- **Requirement**:
In this exercise, retype exactly the lines from the start of the entries through the line bearing "Car Model Thumbnail 2", leaving every picture out.

Provided entries Block Start

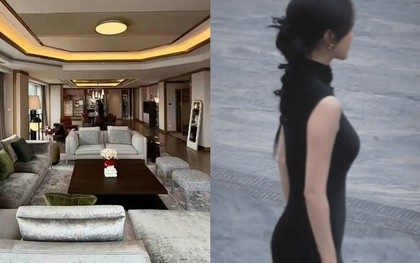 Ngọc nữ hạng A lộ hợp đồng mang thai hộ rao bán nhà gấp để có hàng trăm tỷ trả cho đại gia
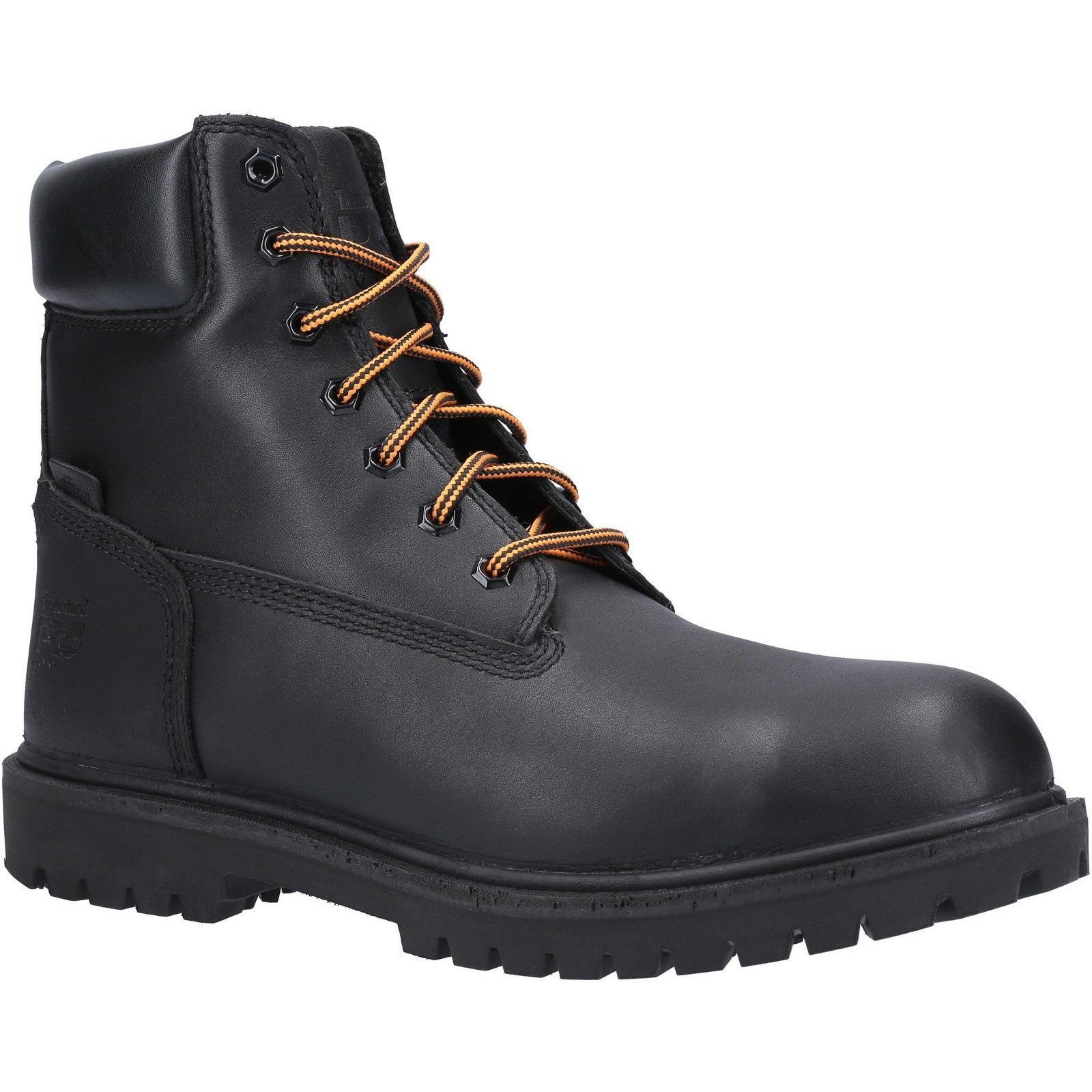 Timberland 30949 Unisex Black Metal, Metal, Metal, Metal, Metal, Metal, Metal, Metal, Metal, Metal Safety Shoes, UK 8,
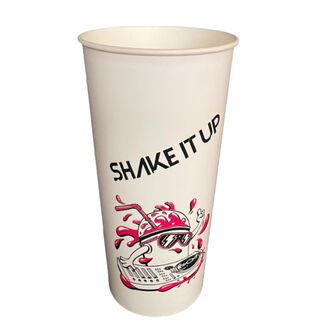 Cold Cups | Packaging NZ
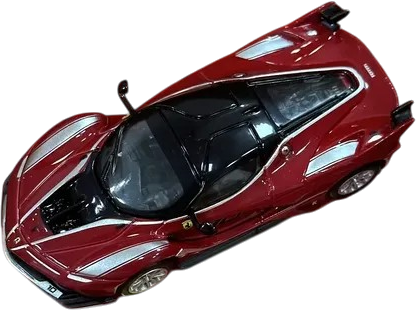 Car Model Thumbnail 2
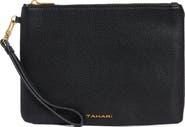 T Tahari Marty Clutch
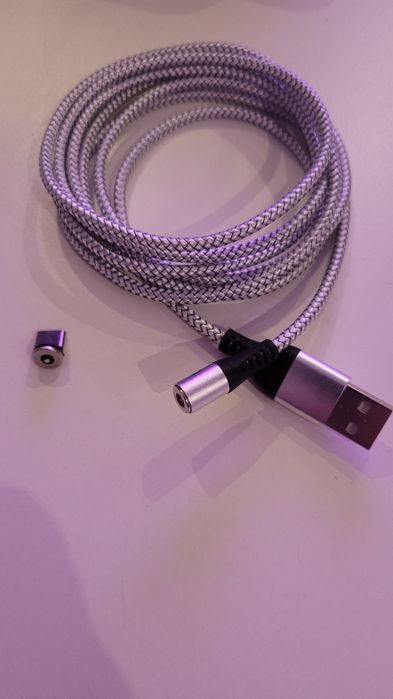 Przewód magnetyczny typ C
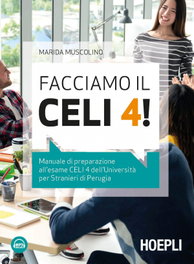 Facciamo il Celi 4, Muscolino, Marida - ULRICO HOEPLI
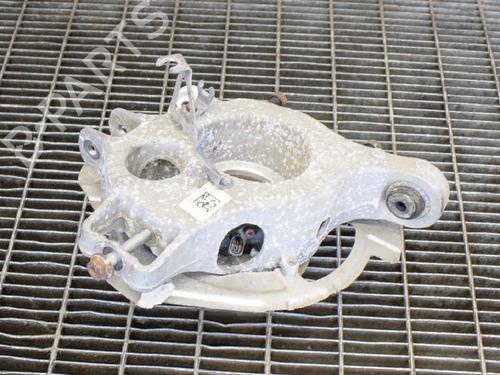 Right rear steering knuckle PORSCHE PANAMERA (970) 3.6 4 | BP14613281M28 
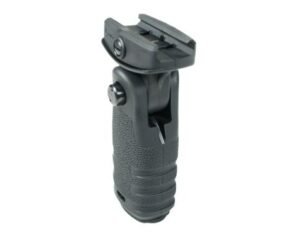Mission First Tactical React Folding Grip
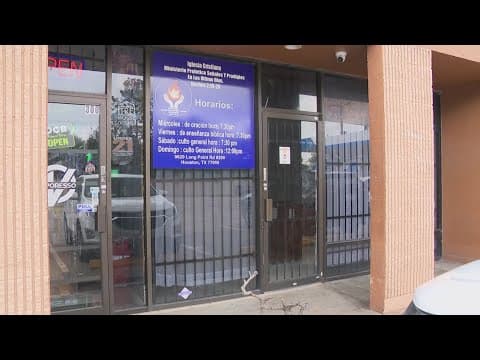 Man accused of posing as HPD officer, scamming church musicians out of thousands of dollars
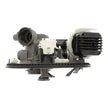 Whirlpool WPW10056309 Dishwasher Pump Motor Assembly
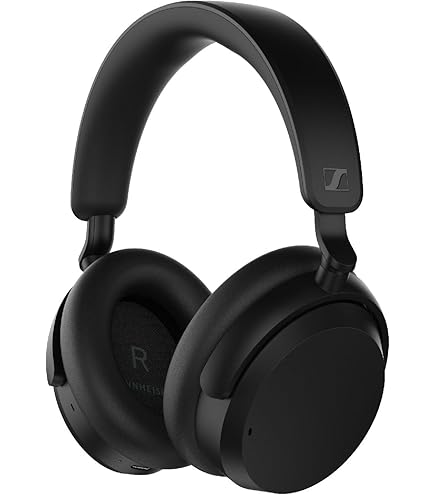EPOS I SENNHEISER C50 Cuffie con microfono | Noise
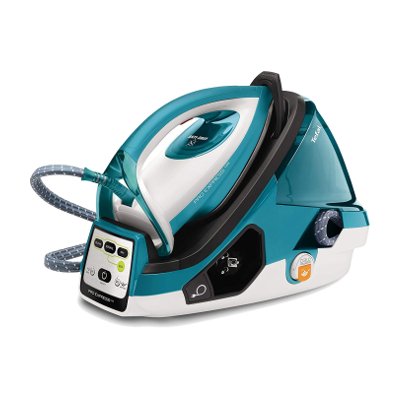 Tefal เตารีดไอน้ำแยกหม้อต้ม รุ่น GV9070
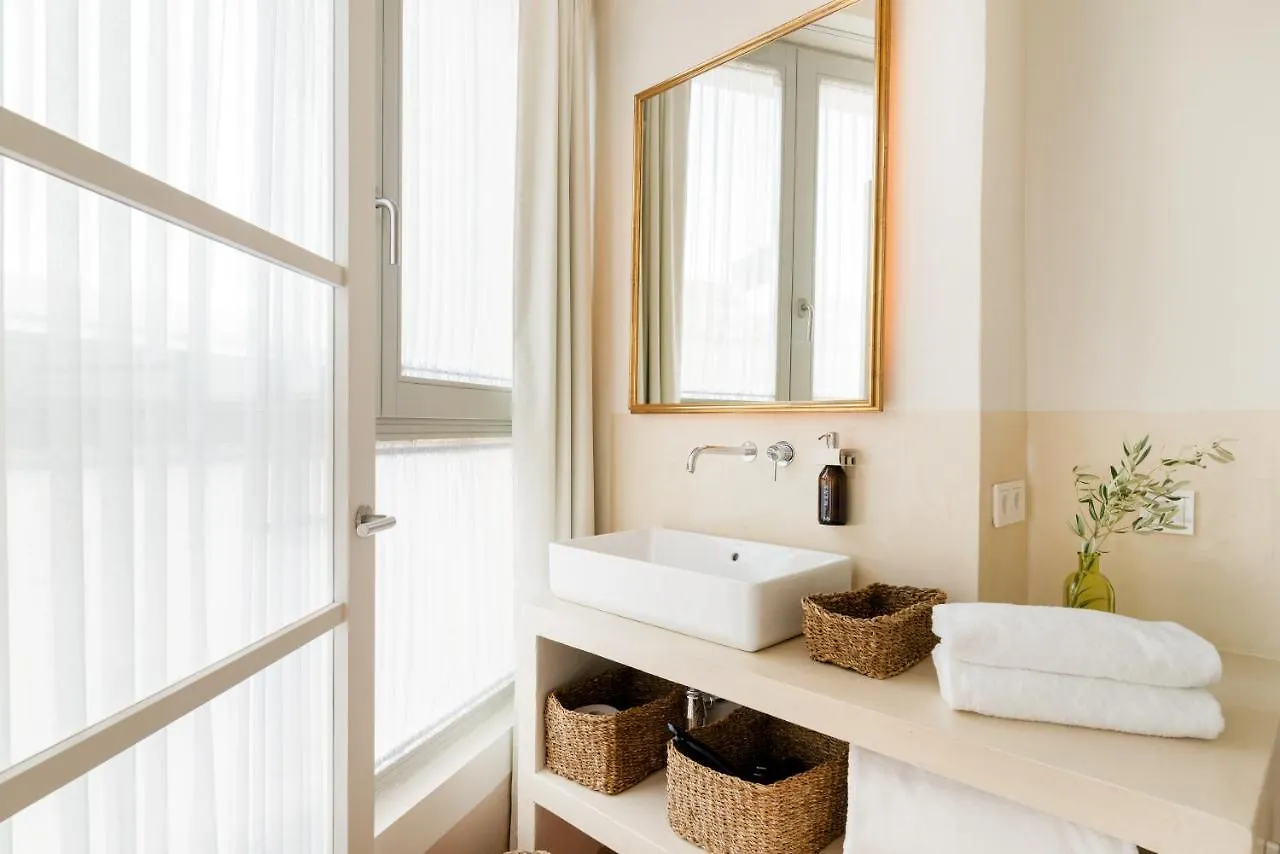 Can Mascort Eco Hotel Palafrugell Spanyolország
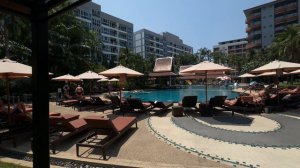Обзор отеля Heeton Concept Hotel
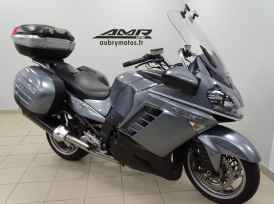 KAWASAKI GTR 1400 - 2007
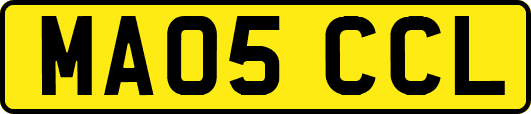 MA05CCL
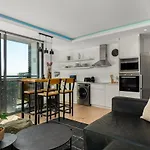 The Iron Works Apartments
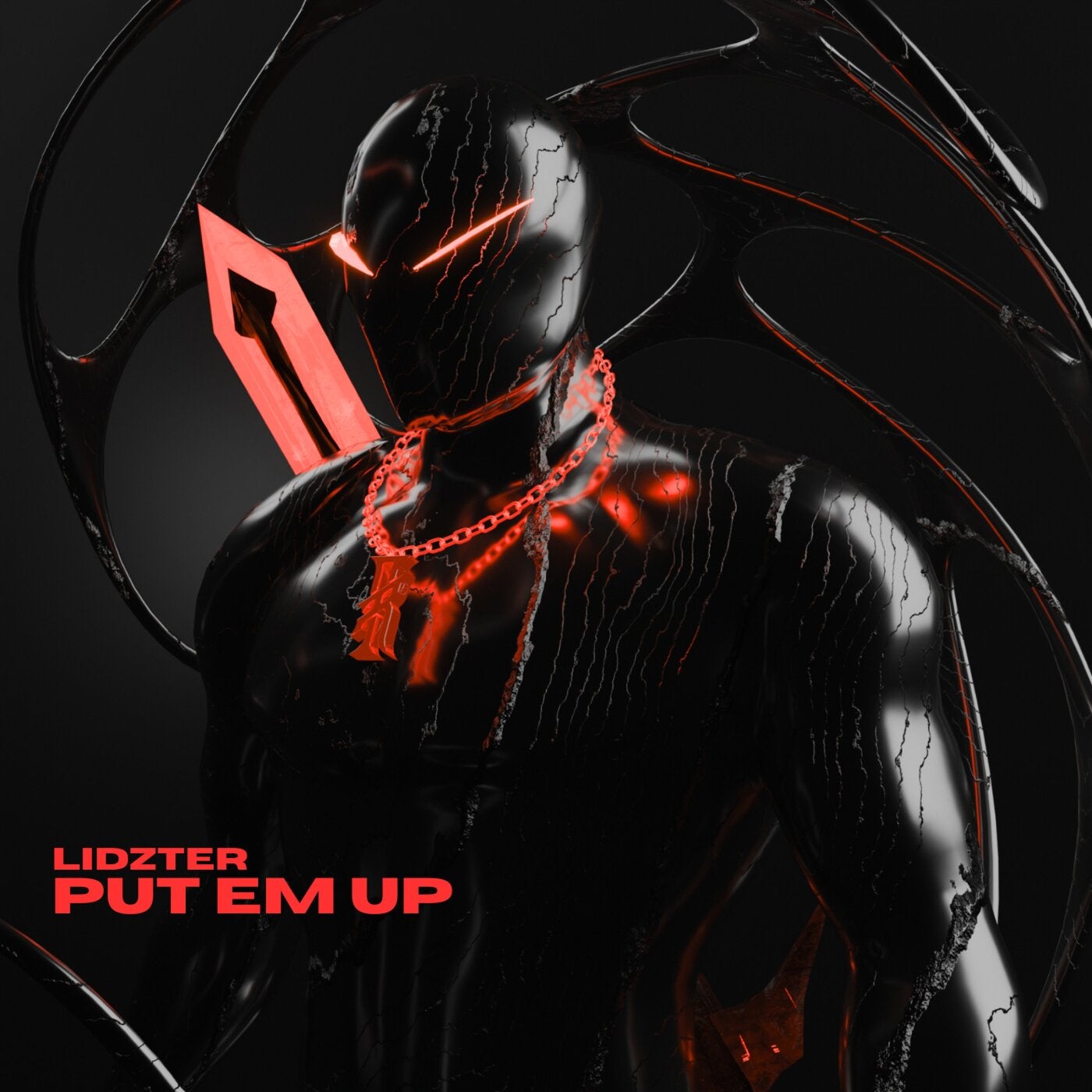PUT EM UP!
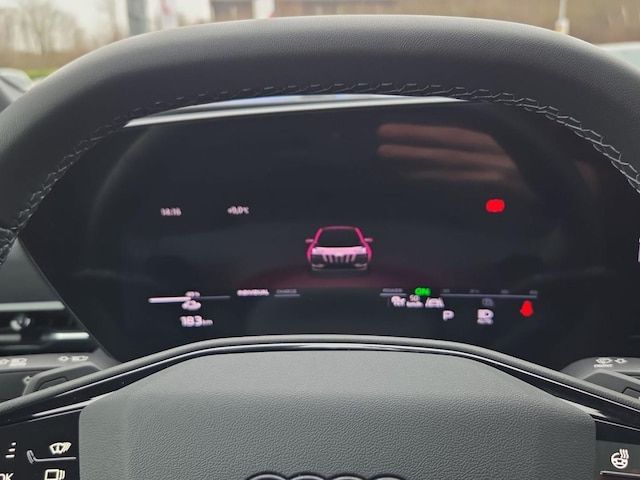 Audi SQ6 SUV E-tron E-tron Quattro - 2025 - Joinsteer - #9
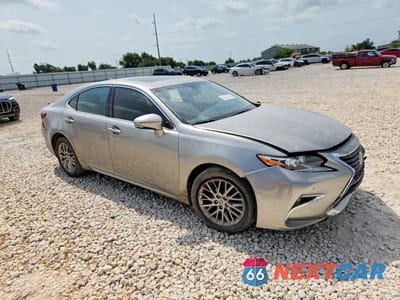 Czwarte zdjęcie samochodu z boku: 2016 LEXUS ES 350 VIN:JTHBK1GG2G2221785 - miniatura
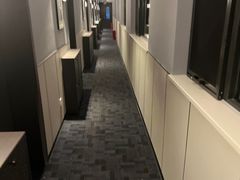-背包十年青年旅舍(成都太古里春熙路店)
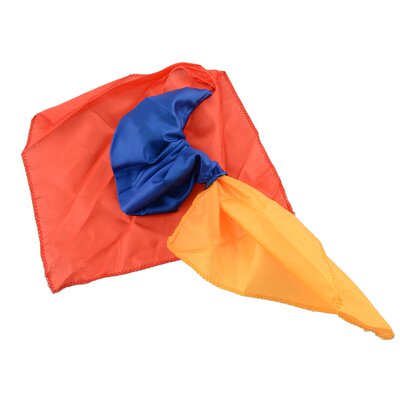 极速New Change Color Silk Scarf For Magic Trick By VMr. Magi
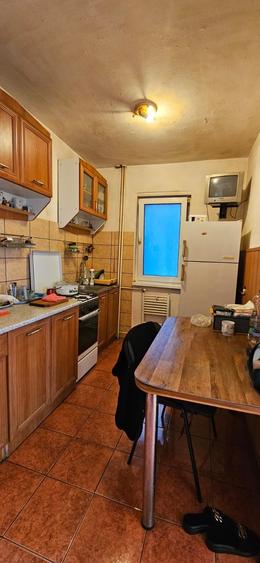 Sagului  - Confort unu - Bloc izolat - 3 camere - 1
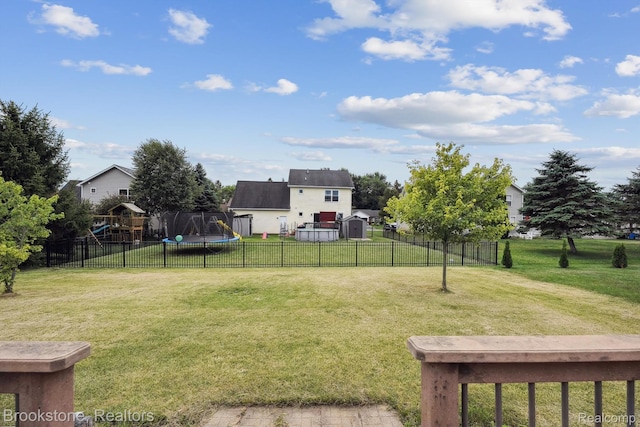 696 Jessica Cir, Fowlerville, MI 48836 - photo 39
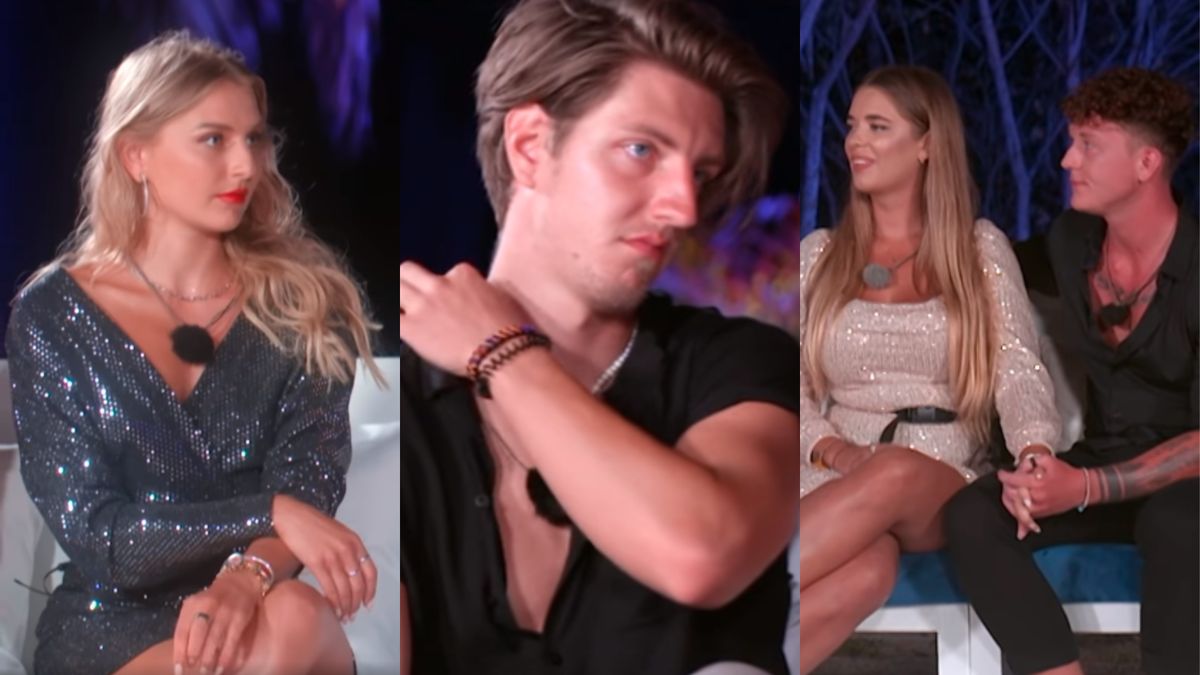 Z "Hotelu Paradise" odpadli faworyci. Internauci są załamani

Provided entries Block End

- **Answer section**:
 Ngọc nữ hạng A lộ hợp đồng mang thai hộ rao bán nhà gấp để có hàng trăm tỷ trả cho đại gia
 Timberland 30949 Unisex Black Metal, Metal, Metal, Metal, Metal, Metal, Metal, Metal, Metal, Metal Safety Shoes, UK 8,
 Cold Cups | Packaging NZ
 Car Model Thumbnail 2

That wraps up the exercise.